● **Task to carry out**: Find the line with "Anthropologie Accessories - Silver" and the line with "Poster Fading square" in the entries below; output exactly those two lines, every line between them, and no others.

● **Data extract**:
■ ■ ■

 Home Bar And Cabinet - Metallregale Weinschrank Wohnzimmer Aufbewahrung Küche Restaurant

■ ■ ■

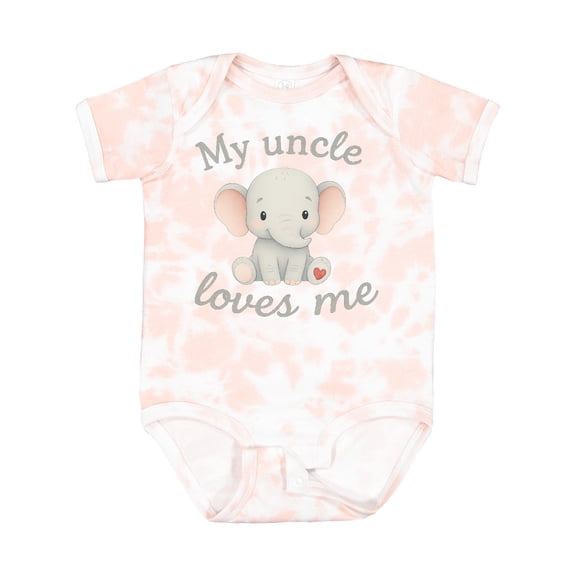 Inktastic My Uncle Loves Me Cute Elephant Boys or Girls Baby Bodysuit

■ ■ ■

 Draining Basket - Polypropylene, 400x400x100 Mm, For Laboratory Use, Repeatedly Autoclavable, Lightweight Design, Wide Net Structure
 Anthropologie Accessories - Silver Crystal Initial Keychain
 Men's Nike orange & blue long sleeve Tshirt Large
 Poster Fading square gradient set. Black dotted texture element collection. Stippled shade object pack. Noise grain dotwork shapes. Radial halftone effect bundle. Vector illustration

■ ■ ■

● **Exercise answer**:
 Anthropologie Accessories - Silver Crystal Initial Keychain
 Men's Nike orange & blue long sleeve Tshirt Large
 Poster Fading square gradient set. Black dotted texture element collection. Stippled shade object pack. Noise grain dotwork shapes. Radial halftone effect bundle. Vector illustration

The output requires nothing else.